Source information:
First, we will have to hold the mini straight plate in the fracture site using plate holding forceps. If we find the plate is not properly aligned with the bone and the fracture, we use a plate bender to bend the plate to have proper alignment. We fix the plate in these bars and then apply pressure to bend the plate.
* * *
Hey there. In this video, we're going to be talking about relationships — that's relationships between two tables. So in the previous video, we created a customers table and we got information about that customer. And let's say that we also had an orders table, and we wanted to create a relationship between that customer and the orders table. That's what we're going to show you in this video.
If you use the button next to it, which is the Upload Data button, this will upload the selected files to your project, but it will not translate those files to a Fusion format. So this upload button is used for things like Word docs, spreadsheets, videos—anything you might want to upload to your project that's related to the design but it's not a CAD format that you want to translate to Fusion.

Exercise requirements: In the entries above, please find the line with "Hey there. In" and the line with "If you use the", then write out exactly those two lines and every line between them, and nothing more.

Task answer:
Hey there. In this video, we're going to be talking about relationships — that's relationships between two tables. So in the previous video, we created a customers table and we got information about that customer. And let's say that we also had an orders table, and we wanted to create a relationship between that customer and the orders table. That's what we're going to show you in this video.
If you use the button next to it, which is the Upload Data button, this will upload the selected files to your project, but it will not translate those files to a Fusion format. So this upload button is used for things like Word docs, spreadsheets, videos—anything you might want to upload to your project that's related to the design but it's not a CAD format that you want to translate to Fusion.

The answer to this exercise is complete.